Democrats and Republicans are rushing to see who can serve as the primary scapegoat for the populist rage-inducing AIG bonuses. In this case, however, both parties are equally culpable and, if this were a court of law, both parties would both be tainted by "unclean hands."
For Republicans, they must accept responsibility that the bonus retention payments were originally in the November TARP document drafted by the Bush Treasury Department. As special Inspector General for TARP, Neil Barofsky, stated this week, the bonus retention payments were indeed in this document. More damning, however, is the fact that Republicans last fall blocked attempts to cut executive compensation and cap bonuses, deriding both as unnecessary "meddling in the markets."
Democrats do not fare much better in the blame game. The Treasury Department in the Obama Administration had the chance to fix the bonus problem in the latest round of TARP, but specifically objected to any Congressional limitation of the bonus payments. The Treasury Department strangely insisted that the rule of law would somehow be irreparably harmed if these bonus contracts were abrogated. Probably what was it play here was a fear that private firms would not want to get into business with the US government under the private-public model that the Obama Administration is touting, if they feared contracts could easily be rescinded. This argument though is not terribly strong as there are extenuating circumstances to the bonus payments that would make a onetime contract abrogation not only warranted but indeed necessary.
President Obama is right to try to avoid the partisan rancor that is now gripping Washington over the bonus payments. By appearing on Jay Leno, holding town hall meetings in California (a state gripped by 10 percent unemployment), and appearing alongside Republican Governor Arnold Schwarzenegger, President Obama is appearing to be above the partisan discord and blame game.

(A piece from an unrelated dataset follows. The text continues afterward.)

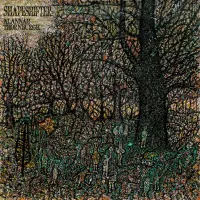 Alanna Thornburgh - Shapeshifter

President Obama needs to continue to transcend the partisan bickering, as he faces the uphill battle of selling his $3.6 trillion budget plans to the American people. While Speaker Nancy Pelosi may have won some points politically by forcing the House to vote on a 90 percent tax on the bonus payments (thereby effectively splitting House Republicans half of whom bolted at the thought of voting in favor of the highest marginal tax increase in American history), she showed that she is still focused on the blame game. While should be furious over these bonus payments, we must now focus on the arduous task of passing a second bailout and health care and energy plans which will ultimately help to fix the economy.

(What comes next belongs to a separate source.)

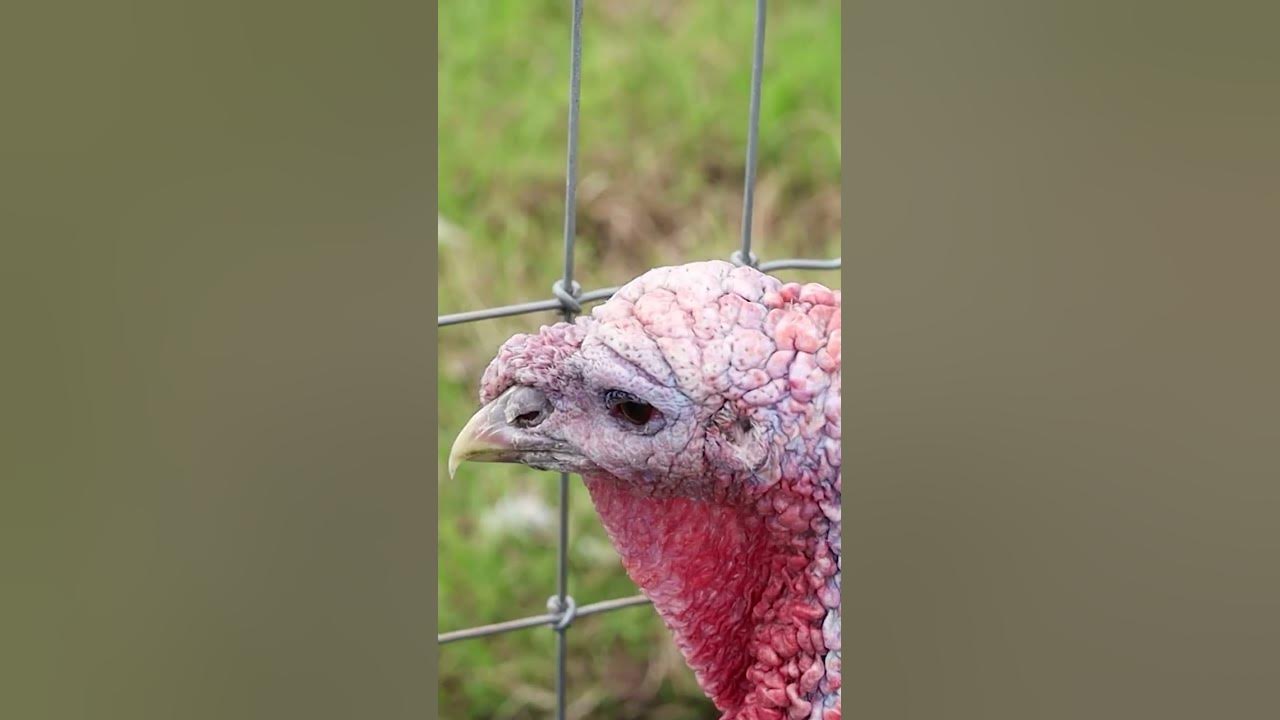 Female Turkey Making Purring Sound Close Up, County Wicklow, Ireland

It is all too easy to get swept up in the populist anger that is dominating the news of the day. We have a right to be angry and outraged over these bonus payments. But we now need Congress to get back to the task of fixing the economy and if the backlash against the bonus payments causes people to fail to back President Obama's second bailout and health care and energy plans, now that would be something for which we should have enduring anger.